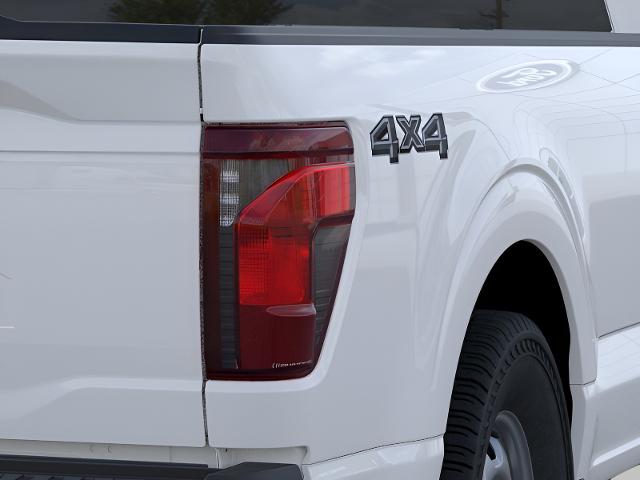 2025 Ford F-150 Vehicle Photo in Neenah, WI 54956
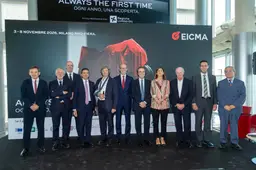 Mai così grande: EICMA 2026 invade Milano con dieci padiglioni, leggende della MotoGP e gare su Sky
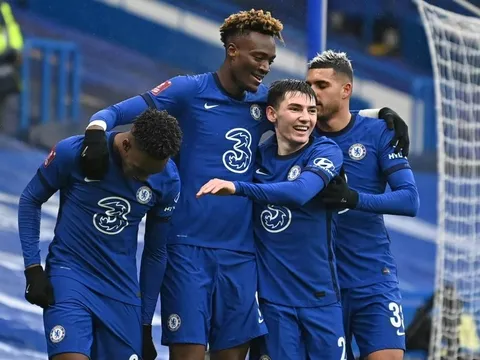 Tới bến đỗ mới, Lampard mang theo 2 cầu thủ Chelsea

■ WHAT IS REQUIRED
Would you retype each line above exactly and skip every image?

■ ANSWER SECTION
 2025 Ford F-150 Vehicle Photo in Neenah, WI 54956
 Mai così grande: EICMA 2026 invade Milano con dieci padiglioni, leggende della MotoGP e gare su Sky
 Tới bến đỗ mới, Lampard mang theo 2 cầu thủ Chelsea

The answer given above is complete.